Supposedly, in the early nineties when the Russians were trying to transition to a capitalist economy, a delegation from the economic ministry went to visit England, to see how a properly market-based economy would work. The British took them on a tour, among other things, of an open-air fresh foods market. The Russians were shown around the market, and were appropriately impressed. Afterwards, one of the senior delegation members approached one of his escorts: “So, who sets the price for rice in this market?” The escort was puzzled a bit, and responded, “No one sets the price. It’s set on the market.” And the Russian responded, “Yes, yes, I know, of course that’s the official line. But who really sets the price of rice?”
The Russian couldn’t conceive that an organization as complex as the open air market could have assembled itself; he was sure someone must have designed it in order for it to work. It had to have been set up. But markets and prices are an emergent phenomenon; the price isn’t set by one person and doesn’t have any one cause. And yet the markets function.
Similarly, a lot of people seem to have a mental model of democratic institutions that says it’s a non-emergent phenomenon: if you write a constitution and hold elections, you get a democracy with the rule of law.

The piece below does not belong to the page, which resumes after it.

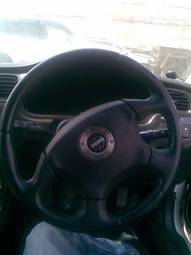 2002 Subaru Legacy B4 Pictures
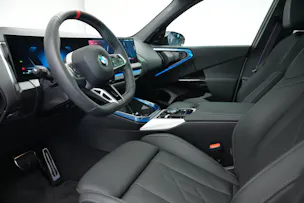 BMW X3 xDrive M50 48V M Sport Pro *AHK* *Head-Up* *Panorama* *Iconic Glow*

Others (including myself) claim that democracy and rule-of-law are emergent phenomena: if they don’t exist, there’s no specific set of actions a central actor can take that will cause them to exist. They exist because of millions of decentralized and uncoordinated actions of individuals without specific direction. If you hold the first view, projects like the establishment of the new Iraqi government make sense: we set up a government with a constitution and elections, so it should become a free democratic state. If you hold the second view, the project is insane: freedom and democracy require millions of individual and low-level cultural shifts that can’t be imposed from above, so there’s no way for us to turn the nation into a democracy. My point here isn’t that one view is right or wrong, although I have a firm belief. My point is that it’s highly relevant to our foreign policy to ask whether democracy is emergent or not.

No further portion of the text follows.